I was invited to present as part of a panel for a meeting of the IEEE P 1484.2 Integrated Learner Records (ILR) working group discussing issues around the “payload” of an ILR, i.e. the description of what someone has achieved. For context I followed Kerri Lemoie who presented on the work happening in the W3C VC-Ed Task Force on Modeling Educational Verifiable Credentials, which is currently the preferred approach. Here’s what I said:
My interest in ILR comes through working with the Credential Engine on the Credential Transparency Description Language (CTDL) family of RDF vocabularies for describing educational credentials (qualifications) and many of the things like competences, assessments, learning opportunities, and education organizations, that are related to them. My relevant areas of expertise are interoperability, RDF data models and education data standards.
The areas I would like us to consider as we go forward are related to issues of scope, issues of maturity and technical issues.
Issues of scope: we know the W3C VC approach (i.e. cryptographically signed assertions in JSON-LD) has certain desirable characteristics, but in previous calls we have heard of extensive, mature practice regarding learner records that does not make use of such an approach. Are these in scope? What is the use case for the VC approach that they might need?
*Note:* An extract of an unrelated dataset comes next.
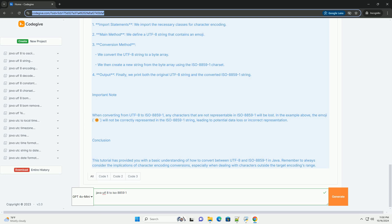Code example: Here is a simple Java program that demonstrates how to convert a UTF-8 encoded string to ISO 8859-1.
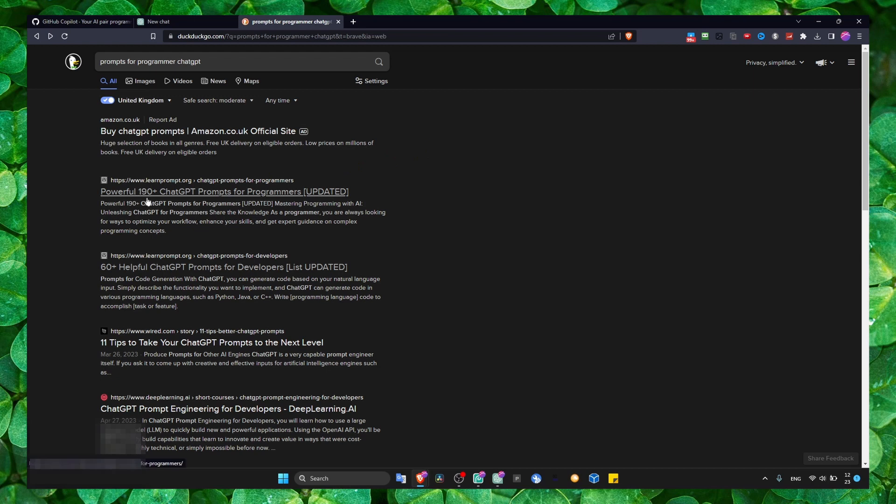Look here - 190+ ChatGPT prompts for programmers. I just read through all the prompts. It's amazing, you can do a lot. There's a lot of flexibility, options, and prompts you can use that can really increase your productivity as a programmer when using ChatGPT.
Issues of maturity and velocity: Verifiable Credentials is relatively new W3C recommendation; the work of the W3C VC-Edu group looking at how it can be applied to education is ongoing (it’s progressing well, being very well led by Kim Hamilton Duffy and Anthony Camilleri, but I hope I do not offend anyone if I say it is not near a conclusion). There are few implementations of VCs in the education domain, and these are ongoing projects (progressing well but not conclusive). It is hard to recommend anything as best practice until you have evaluated the consequences of several options. We need to be especially careful when we say what “should” be done that we do not, by implication, say that the mature, tried, tested and working approaches (that I alluded to above) are somehow less good, as somehow doing something that shouldn’t be done.
Technical issues: cryptographically signed assertions in JSON-LD. JSON-LD is a form of Linked Data, the @context block provides a mapping to an RDF model. Therefore there has to be an RDF model.
You have to anticipate people taking the JSON-LD and using it as RDF, i.e. as a series of independent statements: triples in the form subject-predicate-object. This has implications because some things that work when you treat properties as “elements” embedded in an XML tree or as “fields” in a record do not work for predicates that link a subject to an object that is an independent entity: the data about the object should not assume any “context” from the subject that is linked to it.
There is also the question of how far does the RDF model go into describing the payload: W3C VC provides the mechanism for verifiable credentials in JSON-LD, but we are talking about educational credentials as being the payload — this is confusing to many people. Not every credential issuing organization will be adopting VC as their credentialing approach — other approaches are still valid (PESC Transcripts, IMS CLR, secured PDFs with or without XMP metadata) — so we have to allow for credentials that are “opaque to RDF” (though not to verification) in the “payload”. I’m looking for a balance that exploits the advantages of RDF approaches to describing credentials (like CTDL) while still being capable of providing value to those who don’t use RDF.